The roots of the problem stretch back to the Korean War. In the aftermath of the North Korean invasion of the South, US President Harry Truman acted on the advice of his military commanders. He allowed the American forces to rollback the invading forces beyond the 38th parallel right up to the Yalu river near the border with China. This prompted the Chinese to enter the fray, resulting in a retreat of American forces. Gen. Douglas MacArthur, the Supreme Commander of the Allied Powers (Japan) and Commander-in-Chief of the United Nations Command (Korea), wanted to restore the situation by adopting measures that would certainly have led to a wider war. Truman, however, was unwilling to risk a larger conflagration. Faced with MacArthur’s persistent insubordination, he sacked the general, an act for which Truman paid a considerable political price.
The Korean War foreshadowed a problem that would plague wartime civil-military relations for decades. The military chafed at the restraints imposed on them in “limited wars” and demanded a free-hand in dealing with adversaries. Furthermore, the war opened a crack between the military establishment and the presidents of the Democratic Party — one that would eventually widen into a yawning gulf. With Truman’s successor, Dwight D. Eisenhower, these problems remained dormant.

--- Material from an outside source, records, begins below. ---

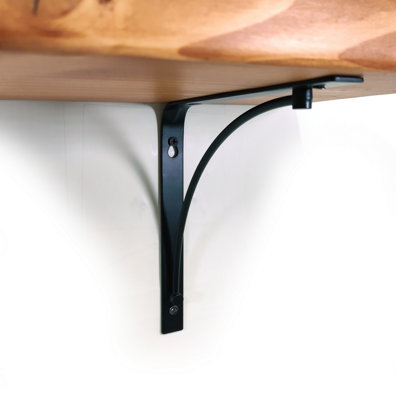 Wooden Rustic Shelf with Bracket BOW Black 220mm 9 inches Light Oak Length of 230cm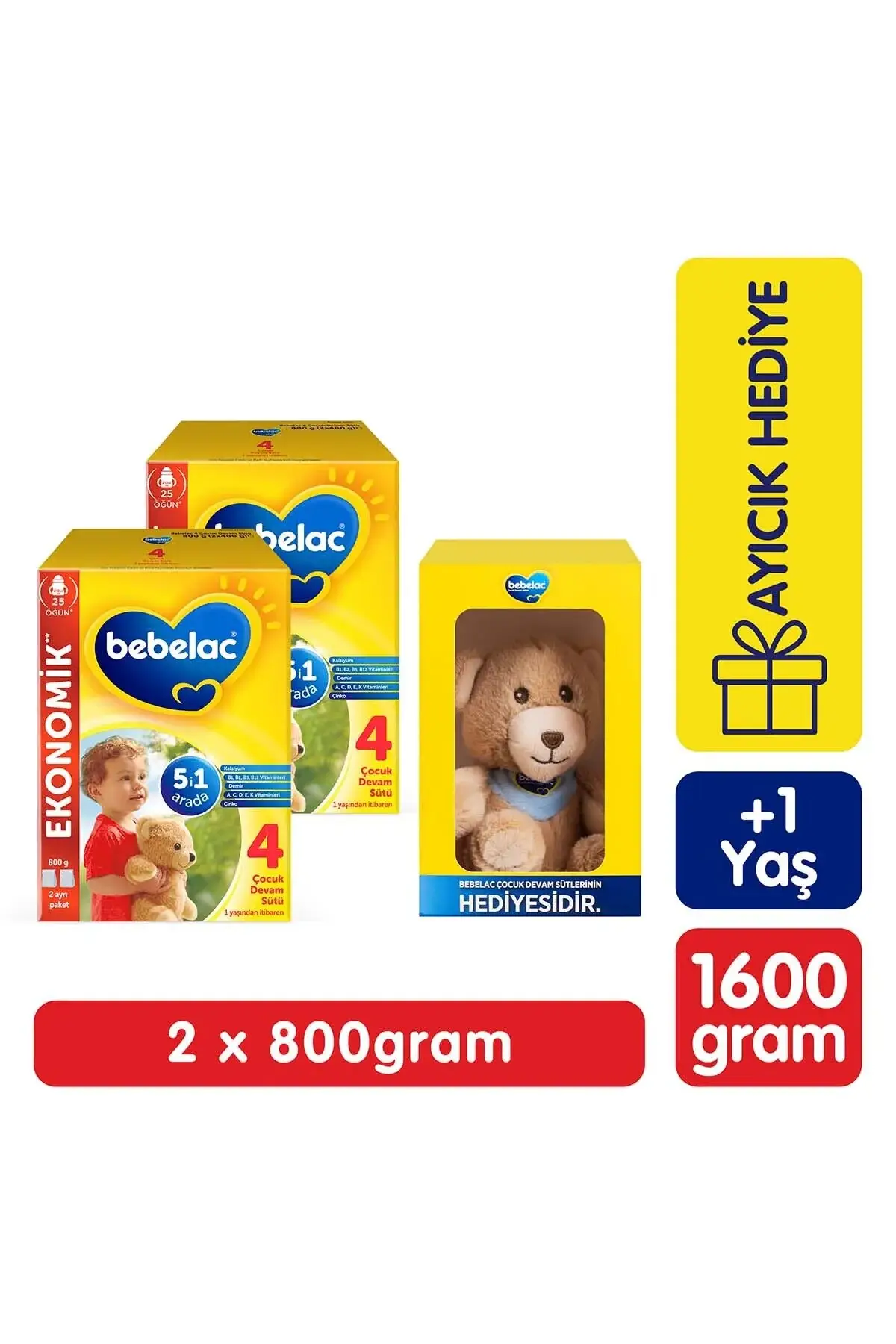 Bebelac 4 800 gr 2'li - Ayıcık Hediyeli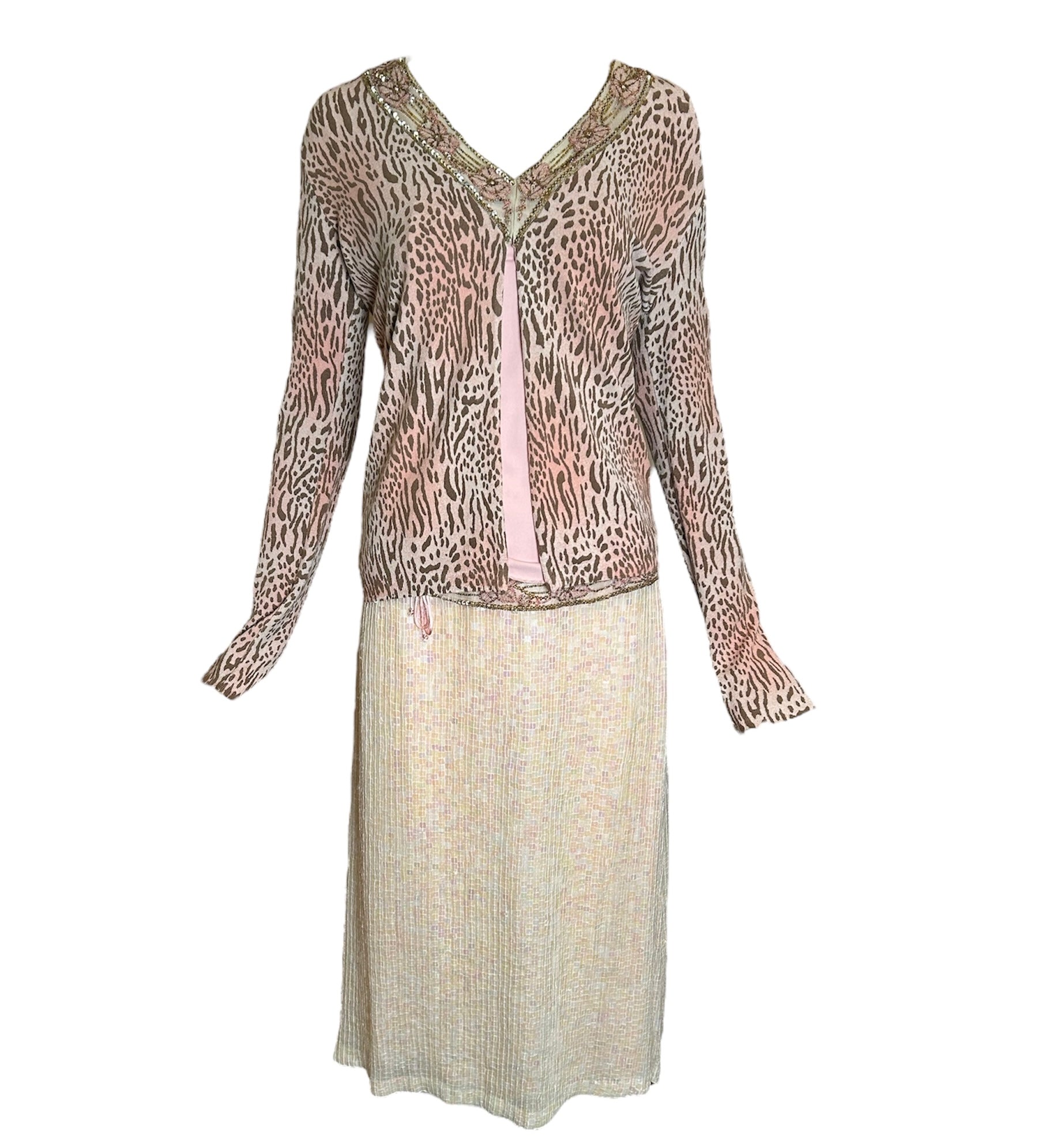 Blumarine Pink Animal Print Sequined 3-Piece Ensemble NWT FRONT FULL ENSEMBLE 1 OF 8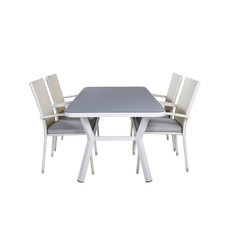 Virya tuinmeubelset tafel 90x160cm en 4 stoel Anna wit, grijs.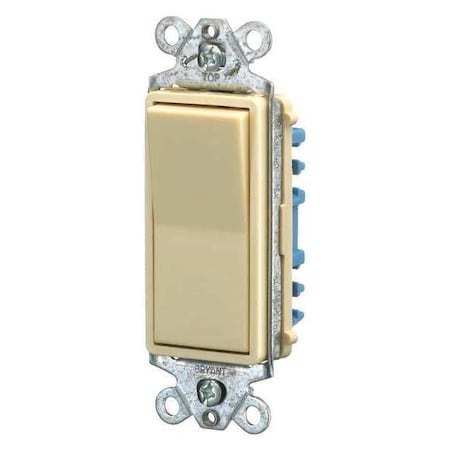 Bryant Wall Switch, 15A, Ivory, 1-Pole Type, Rocker 9801I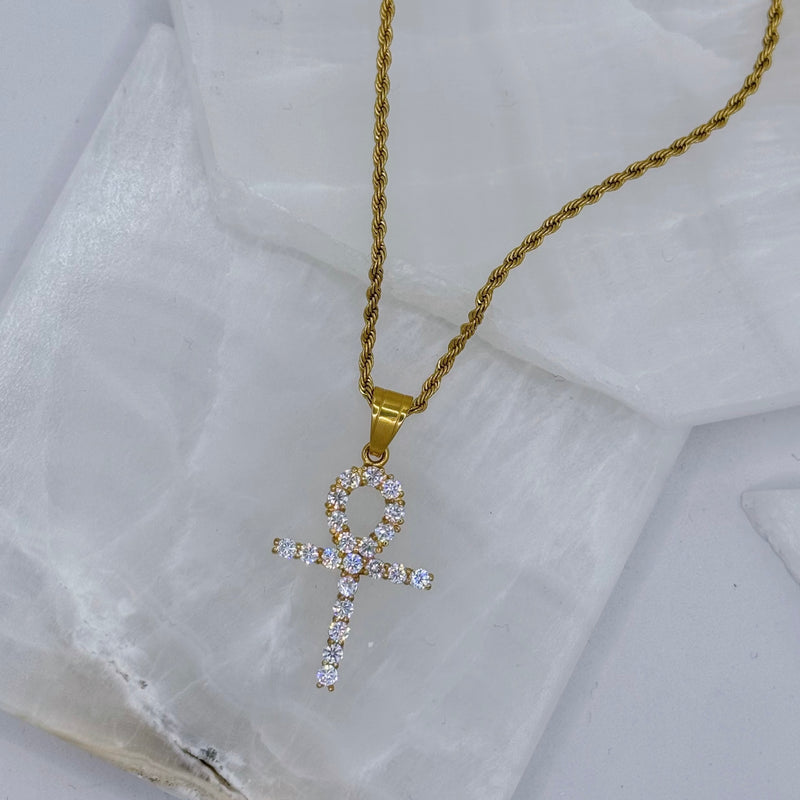 GOLD CRYSTAL ANKH MINI necklace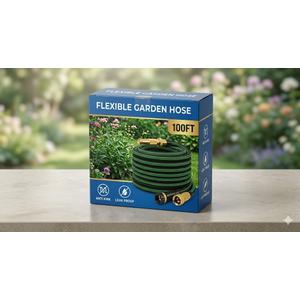 Expandable Garden Hose 100ft, 2025 New Flexible Water Hose with 10 Function Nozzle, Solid Metal Fittings, Lightweight, No Kink, Leakproof, Durable Expanding Hose for Gardening, Cleaning, Car Washing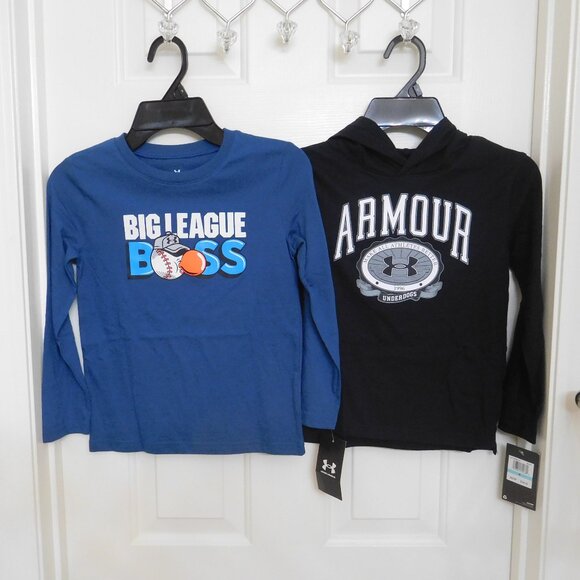 NWT 2 Under Armour Long Sleeve Shirts Black Hooded & Blue Baseball sz 5 - Picture 1 of 1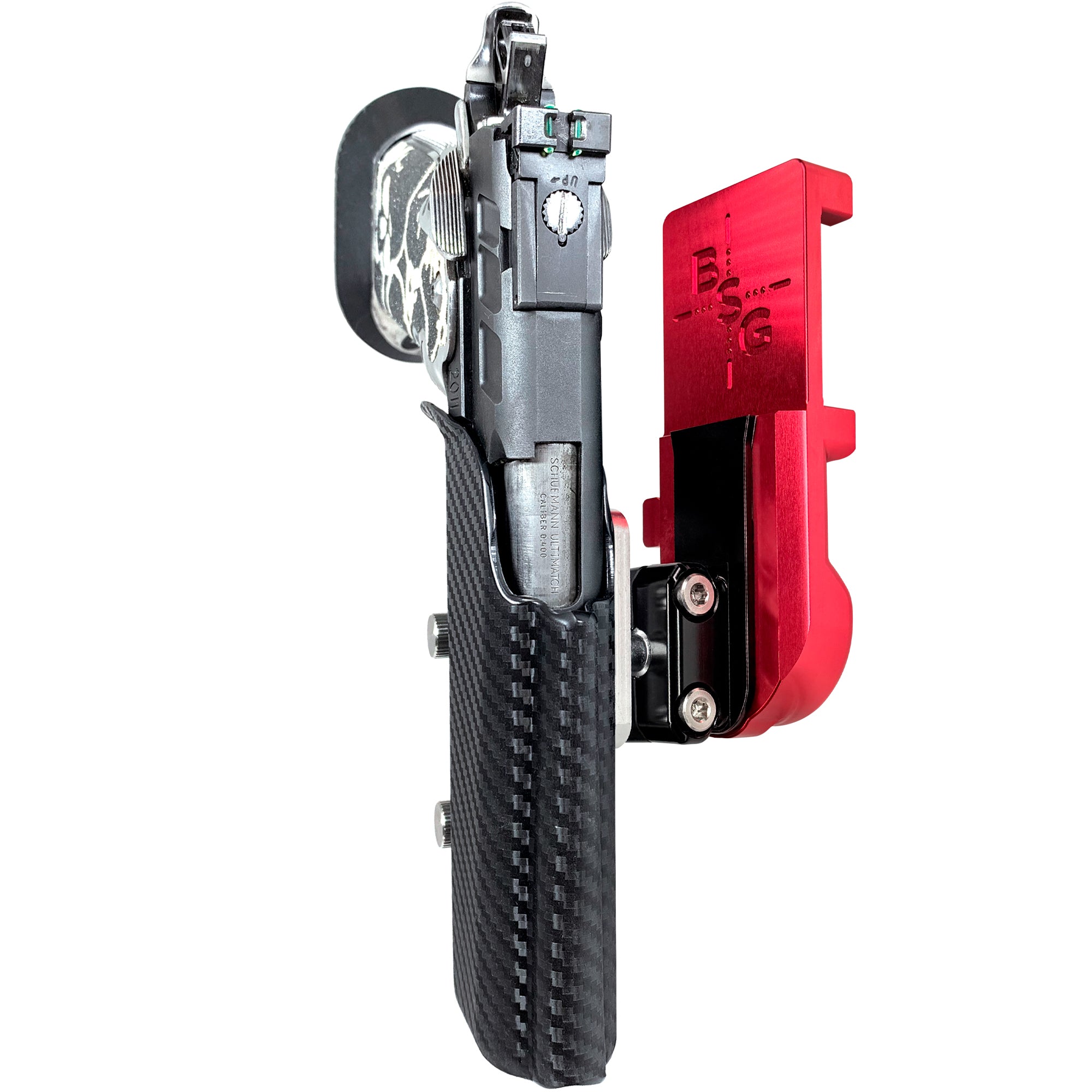 2011 5in w/ Rail IPSC/USPA Quick Mount Ball Joint Holster with Red Belt Attachment, Carbon Fiber Holster Shell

For Eisenhower had a military reputation unrivalled by any living American.
But the problems resurfaced during the tenure of John F. Kennedy. The appointment of Robert McNamara as secretary of defence introduced a new set of institutional tensions. McNamara sought to challenge the authority and judgment of the service chiefs by bringing into the Pentagon both his own team of civilian analysts and new-fangled techniques of systems analysis. The military, in turn, provided advice that was astonishingly unsophisticated and unmindful of the peculiar problems posed by the advent of thermonuclear weapons. The onset of a string of crises — in Berlin, Cuba, Laos, Vietnam — underscored the strain between the civilians and the military. During the Cuban Missile Crisis, for instance, President Kennedy sought only to remove the missiles from Cuba; but the military initially set the objective as a full-fledged invasion of the country.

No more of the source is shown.